The place where this event happens is named Penu-El, which means "the face of El"; but the name is really a description of what he saw there rather than the name of the place itself. In fact it is clear that the events take place on the opposite side of the river Yarden from Machanayim, that Machanayim means "two camps" precisely because it is divided, like London by the Thames, or Buda and Pest by the Danube, in "two camps" by the river, and that the river in question is not the Yarden itself, but a tributary of the Yarden, namely the Yavok.
The other outstanding question about this episode is, who exactly did Ya'akov wrestle with (and note en passant the verbal pun on Ya'akov/יעקב and Yavok/יבק/יאקב)? The river-god of the Yavok may well turn out to be the answer, and Yavok would then mean "the stream of wrestling".
All of which then helps us answer the other question, hinted at above but not stated: why was it called Yavok by the Beney Yisra-El, but the Zarqa by everybody else?
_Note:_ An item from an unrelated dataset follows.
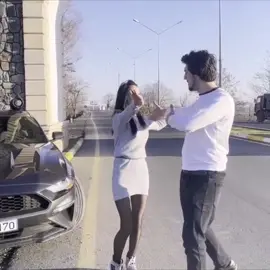 #Лезгинка #ловзар #Lezginka #танцы #dance #чеченская #лезгинка2021 #чеченка #аварка #balaken #kavkaz #белокан #reks #ALISHKA #street #top #tiktoker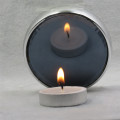 Cenderahati Perkahwinan 10g 12g 14g Mini Tealight Lilin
By a strange irony of history, the river is indeed now Avak (אבק) - as dry as dust! Though like any wadi it comes back to life in the late autumn, when the first rains begin to fall. I can’t help but wonder if that were not also the case then, and if the wrestling-match - always linked to the choice and coronation of a king, and that event always connected to the new year, which in the Middle East fell in the autumn as it still does today - were not in some way connected to the rites of Shemini Atseret, or their ancient equivalent: the annual rain-petition ceremony. Why was Ya'akov wrestling, after all - other than the metaphorical inner wrestling that belongs to an age of post-Freudian psychology? It followed a land treaty with Lavan through which he acquired a kingdom, and all the detail of the events describe a coronation ritual of the priest-king who ruled the earthly kingdom of the fertility god and goddess, so prayers for rain are certainly appropriate if the ceremony took place in the Fall.